Wir hatten uns in Lonquimay nach der Strecke erkundigt: ja, sie sei fahrbar, man müsse nur ein Stück weit durch ein privates Gelände und sich dort ein verschlossenes Gatter öffnen lassen. Bis kurz vor dem Gatter war auch alles gut - eine schöne Strecke über dem Rio Biobio, gut zu fahren und ruhig. Dann sollten wir abbiegen, hatte man uns gesagt.
Und da fing das Elend an: erstmal ein unbeleuchteter schmaler geschotterter Tunnel, durch den ich fast blind fuhr, weil das schwarze Gestein das Scheinwerferlicht einfach verschluckt (wer mal Jim Knopf und Lukas, der Lokomotivführer gelesen hat, kann sich vielleicht an den schwarzen Tunnel erinnern, der ins Drachenland führt...).

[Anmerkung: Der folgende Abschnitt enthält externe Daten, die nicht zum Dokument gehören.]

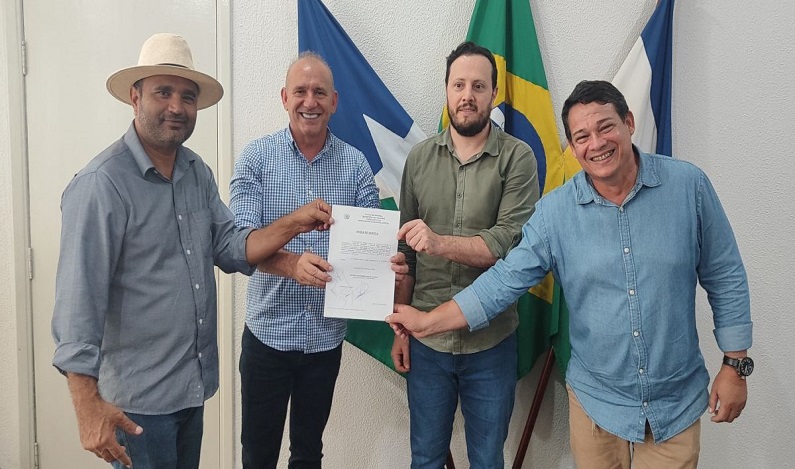 Vilhena recebe ordem de serviço para construção de campos de futebol soçaite com grama sintética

Das Tor brauchte für uns nicht aufgeschlossen zu werden, wir passten durch die schmale Seitentür und dann ging es los: schmal und felsig, kurvig rauf und runter, schmale festgetrocknete Spuren, wieder steil rauf, oben dicke Steine, auf der anderen Seite zwischen Felsen hindurch steil wieder runter, unten überquert ein fließender Bach den Weg, jenseits des Baches über weichen Schotter steil wieder hoch - 100m weiter eine Brücke aus sehr grob behauenen Baumstämmen etc. etc. und als wir gerade hofften, nun bald durch diese Achterbahn hindurch zu sein, erzählt uns dieser Mensch, dass es nochmal 12km so weiterginge und wir den schlimmeren Teil noch vor uns hätten! Da kann man doch nur verzweifeln!
Also schlafen wir nun erstmal drüber und nehmen uns für morgen nichts weiter vor als diese 12km, zur Not müssen wir an den schlimmsten Stellen die Moppeds einzeln durchschieben...
Wir hoffen, dass Thomas' Fuß, der von einem kleinen Sturz heute etwas verknackst und angeschwollen ist, morgen wieder belastbar ist. Wir brauchen ihn!

Mittwoch, 12.03. - nahe Chenqueco
Nach einem vollen Arbeitstag knapp 8km Strecke geschafft, heute bin ich zu erschöpft zum Schreiben!

Donnerstag, 13.03. - Termas Avellano
Nun ist alles wieder gut, die Zivilisation hat uns wieder und ich habe wieder Muße genug zum Erzählen. Fange ich erstmal beim gestrigen Tag an: zum Glück wieder blauer Himmel und kein Regen in Sicht - das wäre für unser Vorhaben katastrofal gewesen! Relativ gut ausgeruht schmiedeten wir beim Frühstück unseren Schlachtplan: jedes Stück Strecke wird erstmal zu Fuß erkundet und dann erst gefahren.
Der erste Anstieg sah schlimmer aus, als er war und wir fuhren beide problemlos hoch. Dann Helm ab, Jacke aus (uns war schon gut warm geworden) und die nächsten 100 m angeschaut: wo ist Platz genug zum Fahren, wo müssen wir die Spur wechseln, wo kann man zur Not anhalten? Der Hohlweg war fast durchgehend steil und bestand meist aus zwei sehr unterschiedlich hohen und z.T. sehr schmalen erdigen Spuren. In der Mitte häufig eine nicht zu befahrende geröllige Rinne, durch die das Waser abfließt, wenn es regnet. Die zu befahrenden Spuren wurden oft durch die hohe Böschung verengt, gegen die wir nicht mit unseren ausladenden Koffern stoßen durften, sonst hätte es uns sofort gekippt (diese Erfahrung habe ich in Marokko einmal gemacht, wo ich mich wegen eines scheinbar harmlos am Rand liegenden Felsens plötzlich in einer lehmigen Pfütze wiederfand..).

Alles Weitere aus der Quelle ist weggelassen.